Wouldn't it be great if all those customers, who have since received redress and compensation since 2015, turned up to voice their support too.

Think about the impacts the banking corruption has had on your own individual circumstances these past 10 years. Even if you have successfully won the fight with your own individual case with your lender, perhaps you might want to turn up, not just to voice your support for all those other cohorts still fighting a case again their lender, but for your own lack of trust & confidence in the whole system now. Think back to your own financial stress & circumstances. Those lost holidays, memories, and having to stay in perhaps, while others had the financial freedom to be out. The impacts on business owners, the impacts on family planning, the impacts on health. Just because some of you may now have been financially compensated by your lender, since the Central bank got involved, doesn't mean that you should tolerate any similar type of corruption, for any future generations. Let's keep the focus on this in the media, by showing up in numbers - for those of us who this has impacted


----------



## tonymac (15 Nov 2017)

As an SVR affected customer i would be happy to support a tracker protest as SVR customers have had to stay in lots of nights and forego things due to the rates they were paying and god knows what other serious consequences. We'll never hear it officially but theres been a very strong arguement put out there that once the banks realised what was happening with issuing all the loss making trackers they did everything to reign in as many as possible through not putting people back on them after coming off a fixed rate etc but also the SVR customers were and still are being screwed by the highest rates in the eurozone atea to try and recoup money somewhere because they could in our case and they thought they could in the trackers cases until the likes of Padraig Kissane got involved. My faith and trust in the banks along with the thousands of other badly treated SVR customers has also been wrecked, the big difference being the illegality in the tracker cases v immorality with SVRs.  I did promote the idea of street protests outside the banks HQs, the CB and the dail as well as a mortgage strike during our campaign but unfortunately 299, 850 people remained quiet thus the warning i offered in an earlier post.


----------



## Banking17 (22 Dec 2017)

MrBanks said:


> Jan 2018 it is. If we can enough people we should do a protest. If not, I would suggest groups of people going into each bank HO with signs stating "tracker victim, waiting 9yrs" etc etc. Refuse to leave until you receive specific case clarification. Record the visit/interaction. Post it online. Multiple groups going into each offending bank, same time same day.  Put it up on social. Contact national media etc.




Any update  on planned January Protest


----------



## Cushcam (22 Dec 2017)

Imagine the message this sends out, if we could get tens of thousands of us to the streets, who were impacted by this, either directly or indirectly. How likely are we to get numbers out in force for a protest, in the coldness of January though, very unlikely I would say.
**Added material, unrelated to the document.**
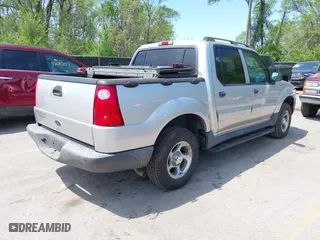 2005 Ford Explorer Sport Trac XLS with VIN 1FMZU77K75UB52008, listed as a IAAI auction lot 42103222 with 65,007 mi miles. Bid and sale history available at carsss.com. Image 4.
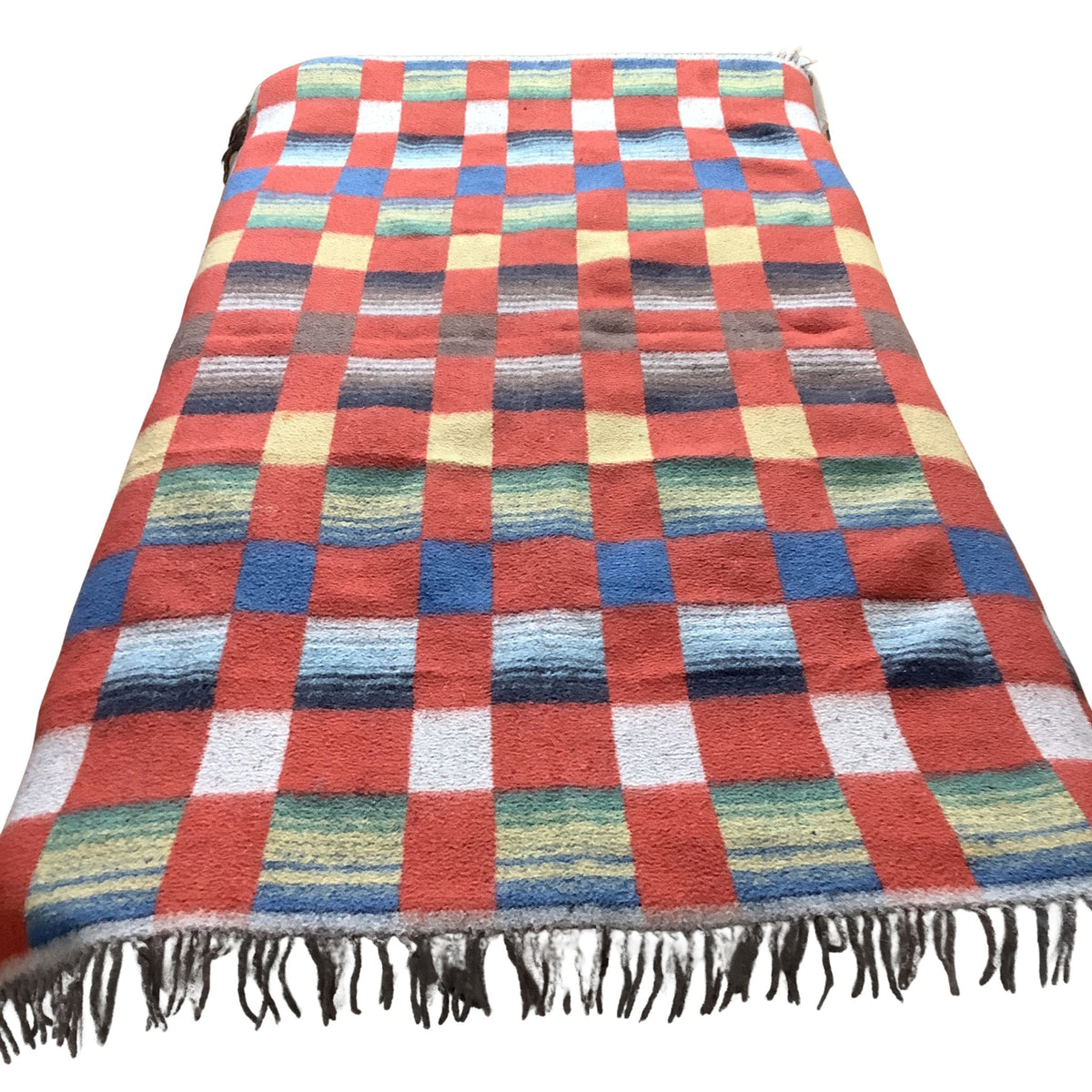 Overview of a vintage blanket in a red-multicolor checkered pattern.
It’s just the Irish way right! We will ring helpdesks every week, expected our voices to be heard, our call details to be recorded, & action, yet taking huge numbers to the street, would be a powerfull message on behalf of our kids & future generations.

Could you imagine a financial scandal of this magnitude happening in France or Germany! They would be out with their spears!

If I was a former banking executive, from anyone of the lenders, I would sit very uncomfortably, watching footage of any protest. I would love for their decisions to haunt them for all their future years.

This can’t be allowed to happen again. We have a good idea of the numbers now. The financial numbers. What we’ll never see are the numbers that matter because of all these atrocious decisions & bank behaviours. 

Those who may have let these financial worries overcome their lives, by taking their lives. Those who lost homes. Those who may have been badly impacted by stress on already weakened health & organs. Those who let these financial worries lead to divorce & separation. Those who became socially excluded. Those lost holidays. Those lost memories. Those business ventures that had to end. 

I for one would love a protest. Words on a statement saying sorry is just not enough for me. Financial redress doesn’t guarantee that these bad banking practices won’t happen again during the next cycle of greed.


----------



## Lightening (22 Dec 2017)

This latest statement by the Central Bank and the banks themselves has been a mass PR exercise for the banks. As far as I can see they are still trying to get away with it, still cutting corners, giving back so called trackers that are not trackers at rates higher than some of the variable rates others are on, still leaving cohorts out that are entitled to a tracker. Mr Donohoe wants it done and dusted and his statement that the figure of 30,000 is more or less it, is not true. The figure as Padraic Kissane states, is in the region of 40,000 and I think we all agree Padraic Kissane has been right all along.

I would fully support a protest until this is scenario fully resolved. "There is a lot more to be done"


----------